And that could be just the tip of the iceberg for 45-year-old Wellington Chaparadza, who arrived in this country in 2002 and had been unemployed for years.
He also has kitchen and bathroom cleaners waiting to go on sale, which are biodegradable and 100 per cent green, with plans to mass produce soap made with goats milk.
Chaparadza, from Wolverhampton, was brought up by his grandmother and has her to thank for the astonishing success story.
He won a scholarship for underprivileged children run by the Zimbabwean President’s wife, which allowed him to study in Cuba, Russia and the UK and saw him start a chemistry PhD at Keele University, which could not be finished through lack of funds.
Down on his luck, he recalled seeing his grandmother use Maheu – a natural non-alcoholic drink made through the fermentation of maize and popular in Southern Africa – to clean pots and pans.
He decided to use his chemistry skills to investigate the phenomenon.
He used some of its contents, such as lactic acid, and added others while developing a personalised fermentation process in a bid to develop environmentally friendly natural shampoos, soaps and cleaning products.
Chaparadza mixed a string of different formulae at home before accidentally hitting the jackpot by spilling some of the latest concoction onto the kitchen floor.
When he wiped it away he realised the dirt had disappeared with it. He recalled: “It was trial and error. From that moment I knew that I had cracked it but had no business experience.”
He contacted Wolverhampton-based employment and skills charity Access to Business.

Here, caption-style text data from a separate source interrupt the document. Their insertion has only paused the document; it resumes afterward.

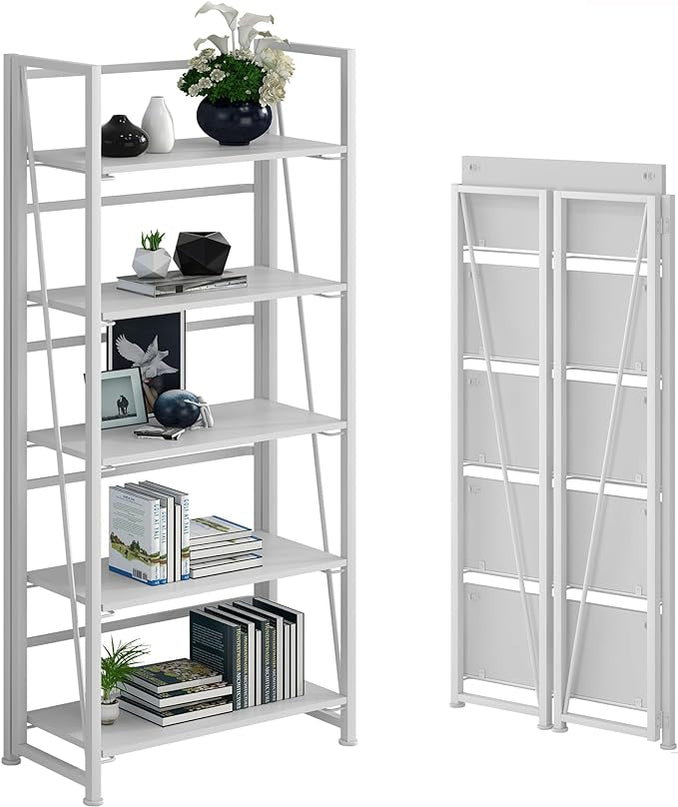 No-Assembly Folding Bookshelf Storage Shelves 5 Tiers Vintage Multifunctional Plant Flower Stand Storage Rack Shelves Bookcase for Home Office(All White) - LeafyLoom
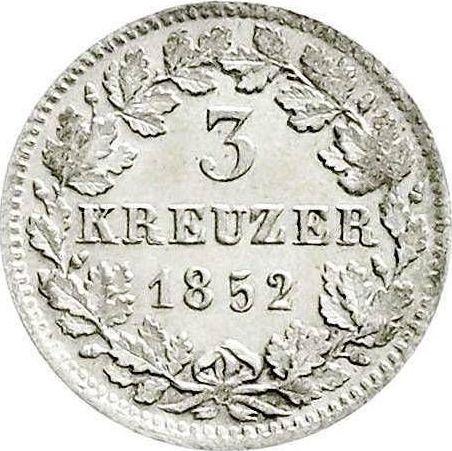 Реверс монеты - 3 крейцера 1852 года - цена серебряной монеты - Баден, Леопольд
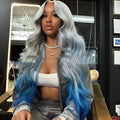 Grey blue gradient lace front wig with 4x4 construction and length options
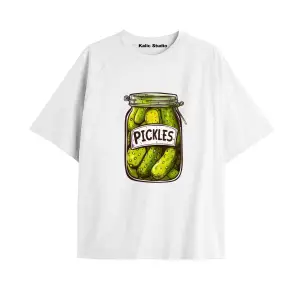Y2k vintage Pickles Baskılı Beyaz T-shirt KOD 201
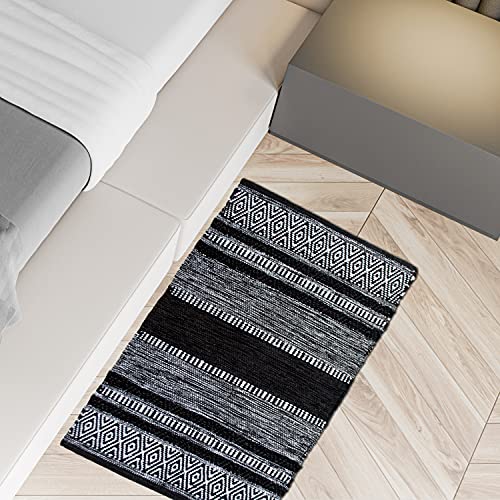 Tapete decorativo Chardin home 24"x36" algodón reciclado tejido a mano miniatura 6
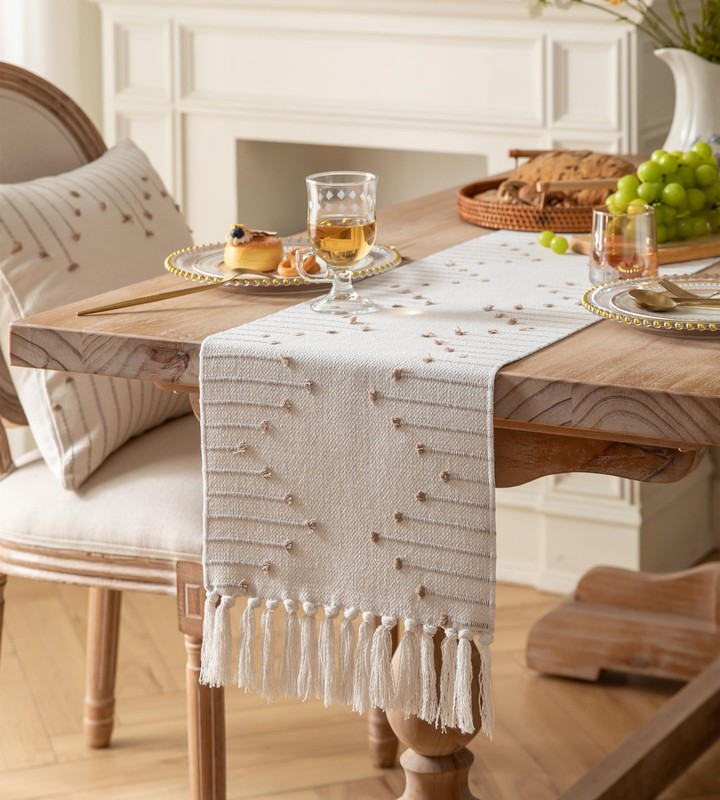 Boho Table Runner 13x48" Natural Cotton Woven Tassels Home Dining Decor Farmhous gallery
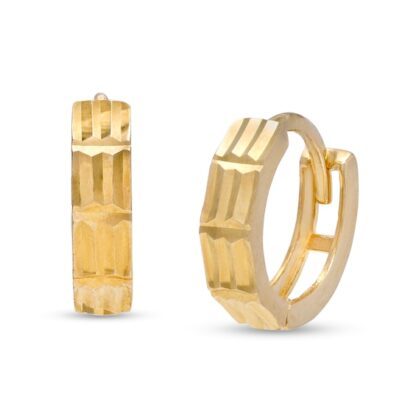 Diamond-Cut Huggie Hoop Earrings in 10K Gold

Their advisors gave him assistance on development, branding, marketing and dealing with distributors.
Its chief executive Josie Kelly said: “We saw he had fantastic products.”
They introduced him to Jay Patel from Wolverhampton Growth Hub, which is supported by the city council and Wolverhampton University.
He helped with product trial runs, pricing structures and marketing strategy, while also helping him to find a unit on the Sunbeam Industrial Estate under the BC AIM Project and will now assist Wellington apply for a Black Country Gold grant to mechanise the plant.
Patel said: “He was using natural materials and once he dipped a dirty coin in the solution and it came out shiny clean I knew he was onto something big.
“Once he starts getting regular orders he can begin taking people on.”
Councillor John Reynolds, Wolverhampton council cabinet member for economy, said: “We are extremely proud of Wellington.
“With continued support from advisors he received two huge orders from major London distributors who now want his products in London and other European stores. Another great business achievement for Wolverhampton.”
Wellington, who lives in Ettingshall, said: “It has been hard for the past few years but now I am very happy. They have all been very helpful. Without them this would have been a dream lost.”